A Google Blogoscoped post about Google chocolate poker chips caught my attention. The description says:

We love chocolate, and occasionally we're known to play a game of poker or two. Why not combine the two and offer this fun-but-odd treat, the Google Milk Chocolate Poker Chip. Sold individually.

But that's some very expensive chocolate!
At 75 cents per each "Chocolate Poker Chip", those are priced like Google's stock (it's a complete reverse of "this item not packaged for individual retail sale").

Now, I wondered just how much the logo is costing. I've seen that sort of chocolate novelty before, unbranded. It turns out the very same basic chocolate coin, without the logo, can be had for around 19 cents ($65/345 chips). And probably even cheaper at a discount store.

However, those chips wouldn't have the "Google" logo on them. So you're paying a lot for the designer label. And that's where things get interesting from another angle. I tried to search for how much it would cost to put a corporate logo on a chocolate poker chip (wonders of the Net). However, the resulting Google search was not a pretty sight. All the "poker" spammers reduced the Google search results to a very bad hand indeed. A Yahoo search seemed a little better, but not by much.

Clusty won the results relevance battle royally. There was still a huge load of spam, but searching ["chocolate poker chip"], and selecting the "Milk Chocolate Poker Chip" had a desired result on the first page. Item #8 pointed to an internal page of a company called A La Carte, and flipping through their catalog quickly showed logo prices for decorated poker chips.

So between the base price for the customization, multiple colors on the logo label, and whatever volume deal Google might have, it seems that Google wasn't ripping off people on the price of a chocolate chip.

But again, anyone buying them is paying a lot to have that brand on a piece of chocolate. And it's not even good chocolate.

By Seth Finkelstein | posted in google | on April 24, 2006 10:13 AM (Infothought permalink)
Seth Finkelstein's Infothought blog (Wikipedia, Google, censorware, and an inside view of net-politics) - Syndicate site (subscribe, RSS)

Subscribe with Bloglines      Subscribe in NewsGator Online  Google Reader or Homepage


Well, I would have said Trader Joe's [Belgian] Dark Chocolate, but my wife's with you on Lindt, so... (Maybe I'm just cheap: three 1.75oz. bars of 58%-cocoa solids dark chocolate for $1.29 suits my penurious side, and 58% turns out to be about as intense as I can cope with...)

Seriously: A fine example of what our friends the spammers have done to searching. And to blog discussions, to be sure: The game referred to in your post can't even be mentioned in a comment on my blog, because I've had to block that word...

Posted by: walt at April 24, 2006 12:17 PM

Chocolate one of the 5 food groups of the single male - along with cash, cigarettes, beer and women. If you don't think I can eat cash - give me some of yours. My wife had never had Toblerone or Lindt before she met me.

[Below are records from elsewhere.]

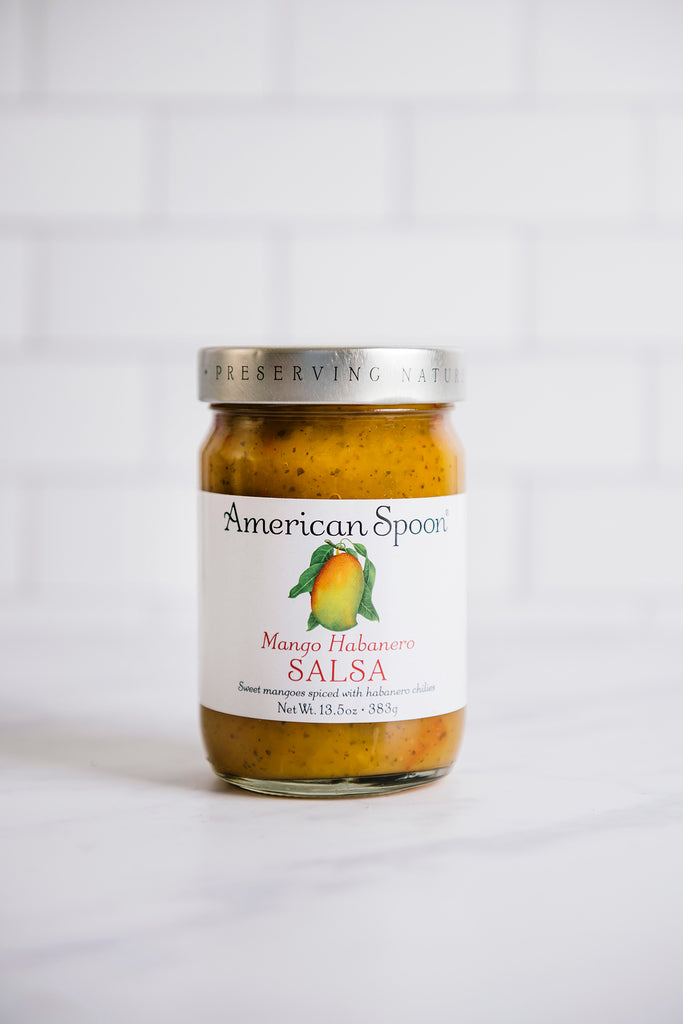 A jar of Mango Habanero Salsa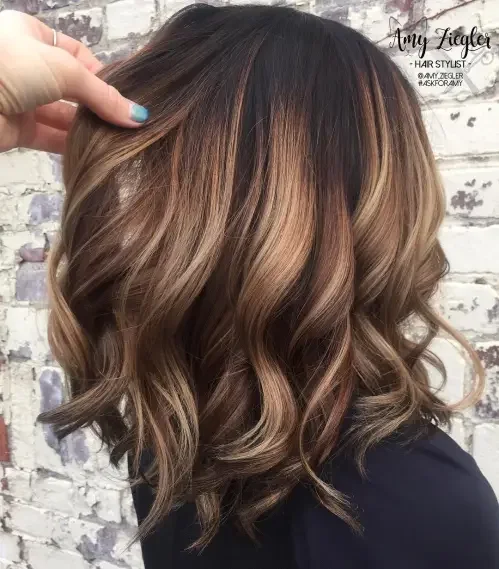 Mocha Blonde Wave Spiral Blend
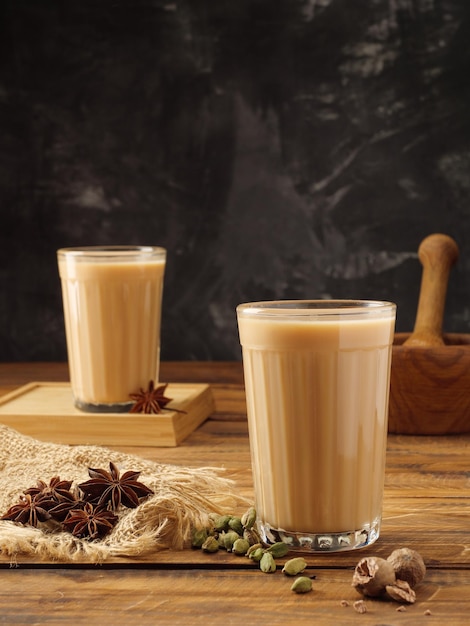 Traditionele Indiase masala chai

Remember what is was like before google and altavista? Sure there was some good content on the 'net but finding it could be hard. Archie, gopher and WAIS weren't (aren't?) exactly easy to use. Usenet was fine if you were an academic (never me) with guaranteed access.

Seth, the easier way to find the price may have been to click on the ads for
rather than the search links returned.
http://www.????????.com/ - from the right hand column. Would I trust them on a big/important order without trying first - no. I am sure there is someone selling any and every thing somewhere outthere. Did you try E-bay for choc poker chips?

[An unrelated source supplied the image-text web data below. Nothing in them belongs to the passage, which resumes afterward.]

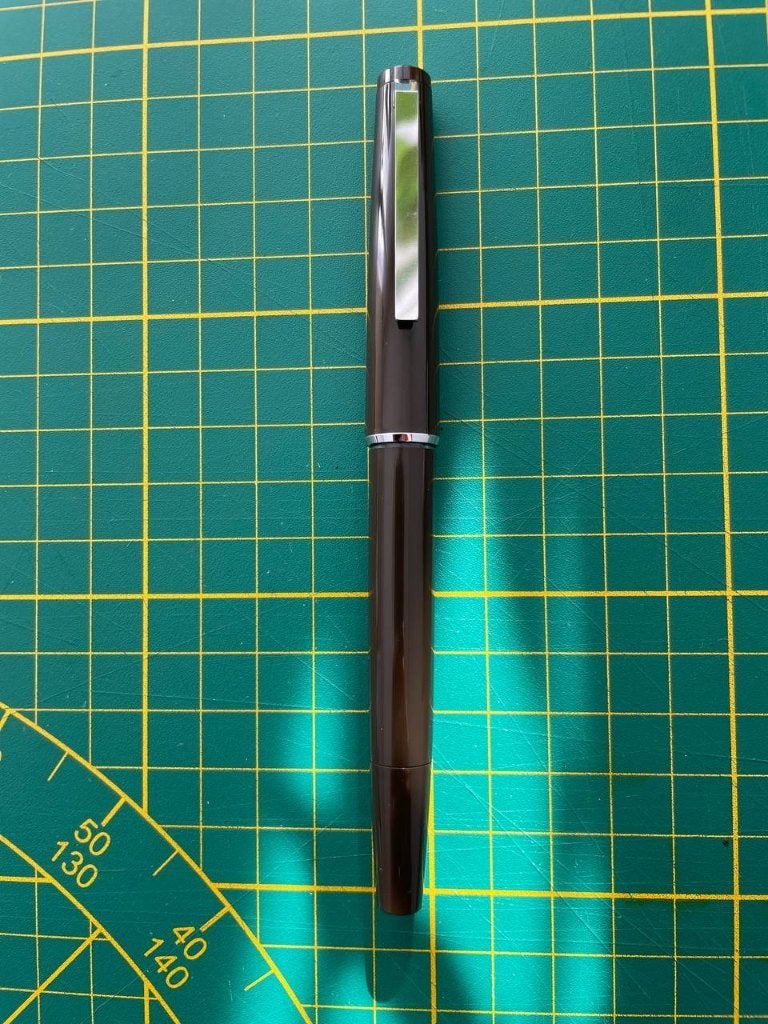 Lamy 86 Brown M Steel Nib Fountain Pen W.Germany, Collections, Enlèvement ou Envoi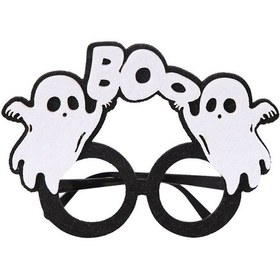 Resim Sones Cadılar Bayramı Süslemeleri Komik Gözlükler Parti İskelet Örümcek Korku Aksesuarları Alfabe Gost 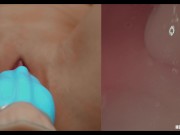 Hentaied - Talia Mint Inside pussy camera cumshot - cosplay hentai girl get full of cum - Creampie!
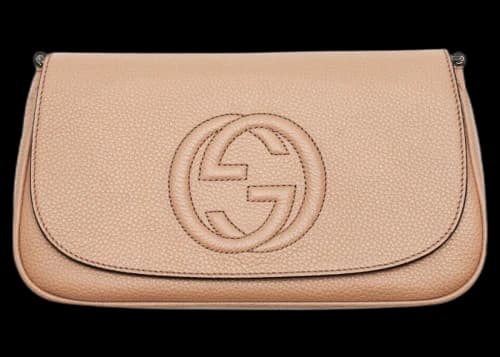Gucci Camelia Shoulder Bag Rose Beige/Light Tan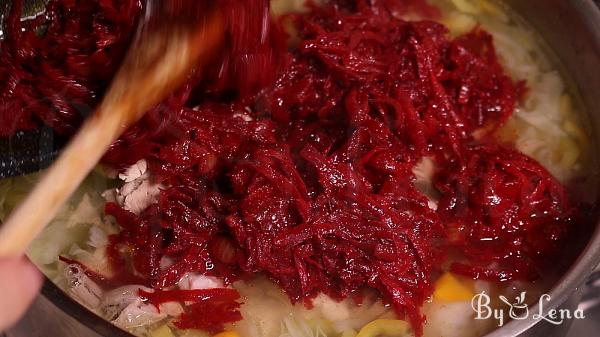 Ukrainian Borscht Soup - Step 15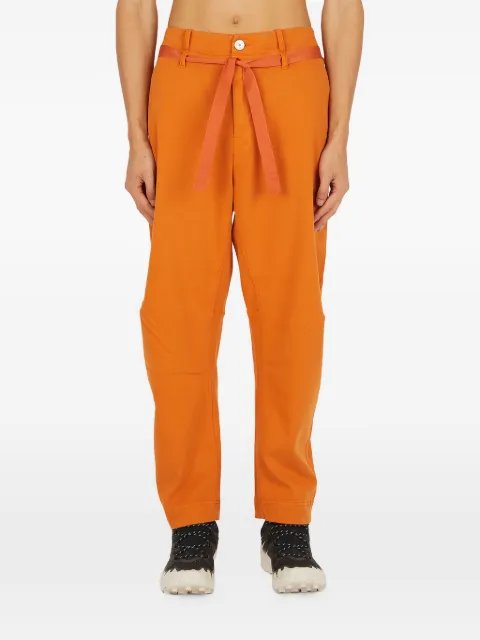 Stone Island Shadow Project belted straight trousers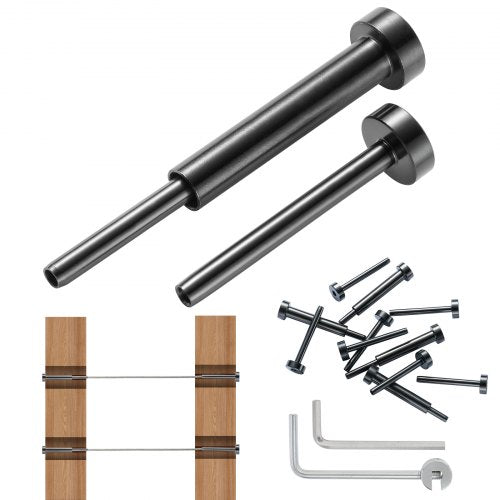40-pack osynlig kabelräckessats, T316 rostfritt stål 3,2 mm osynlig mottagare och pressningsände för kabelräcke, pressningsspännare 3,2 mm för trä-/metallstolpe, kabelräckesdetaljer, svart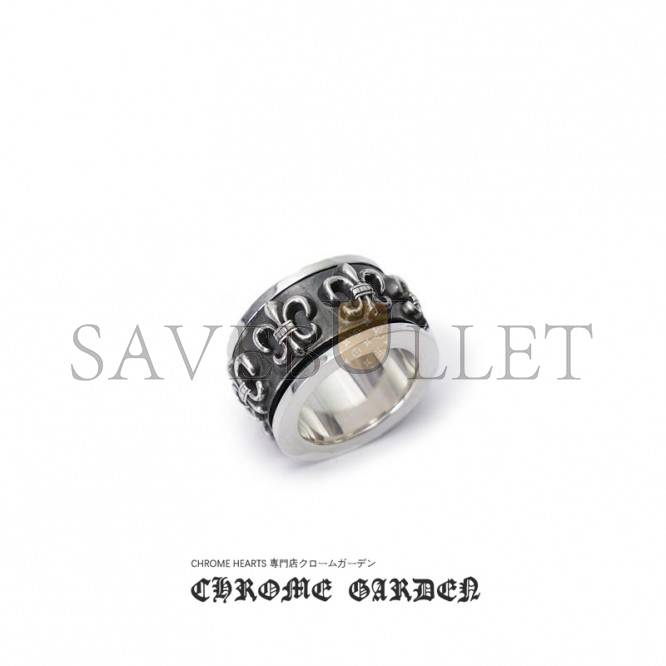 CHROME HEARTS BS FLEUR SPINNER RING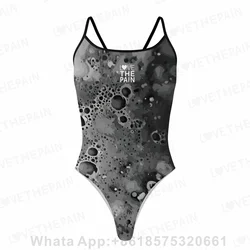 Love The Pain Women Swimsuit Sexy One-piece Comfort Suit Swimwear Bikini Quick Dry Bathing Suit Functional Training Swimsuit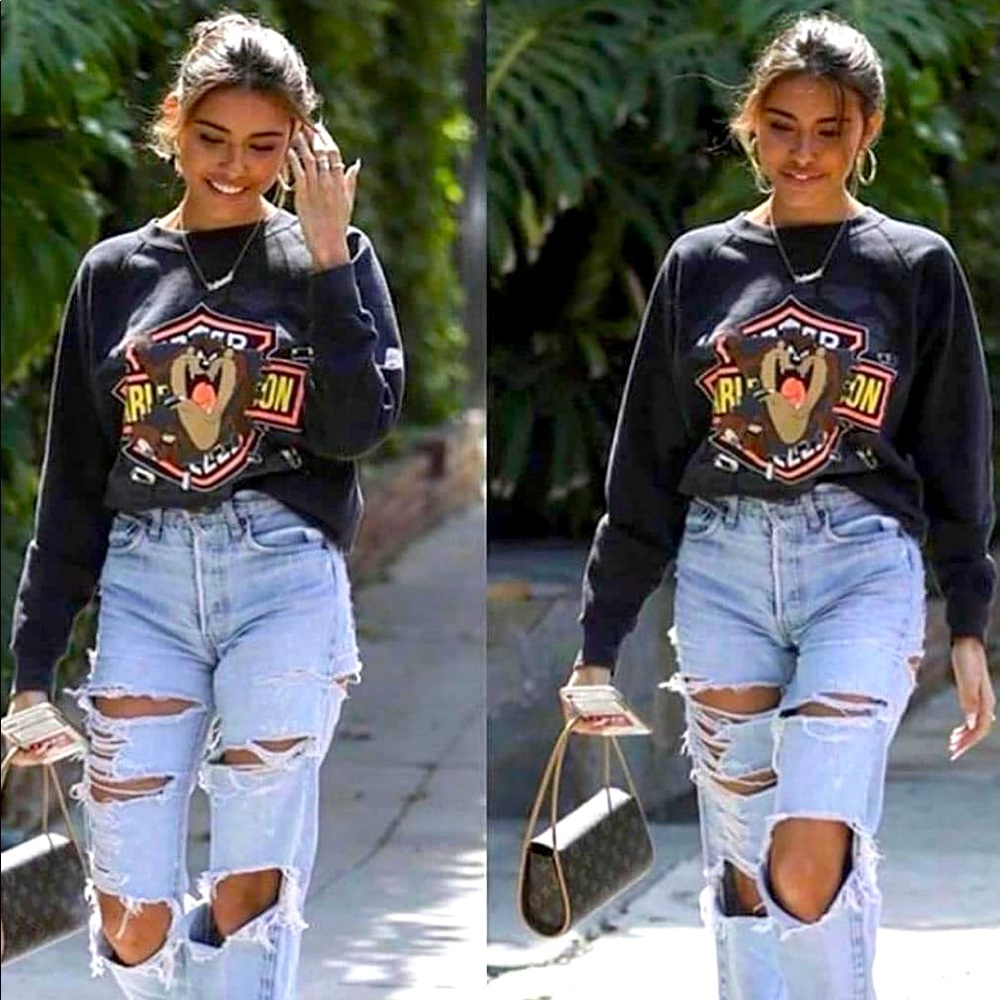 Vintage Harley Davidson x Looney Tunes long sleeve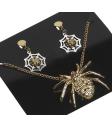 HALLOWEEN JUEGO ARAÑA PENDIENTES Y COLGANTE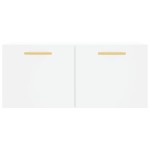 vidaXL Dulap de perete, alb, 80x36,5x35 cm, lemn compozit vidaXL Dulap de perete, alb, 80x36,5x35 cm, lemn compozit
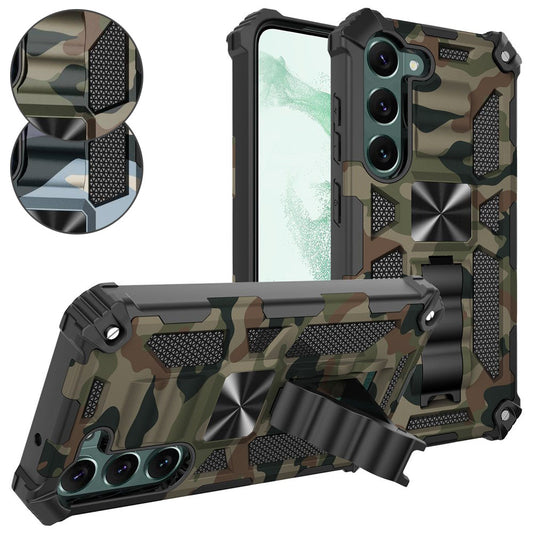 Outdoor Hülle für Samsung Galaxy S23 PLUS Camouflage Shockproof PC Schutzcover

Posted by: tqft at April 26, 2006 01:04 AM

Walt: There seems to be a fundamental divide between the Milks and the Darks - chacun à son goût.
And amusingly, originally one could not post comments on that entry at GBlogscoped, because of the anti-spam system (I reported the bug to the guy who runs the site, and he had to take the p-word out of his blacklist to enable comments).

tqft: Good point - I didn't have any problem finding some sites with chocolate poker chips, and sites about corporate logos, but a price for putting the logo on a chip was tough. Though that search has a relevant result on page, clusty still did better.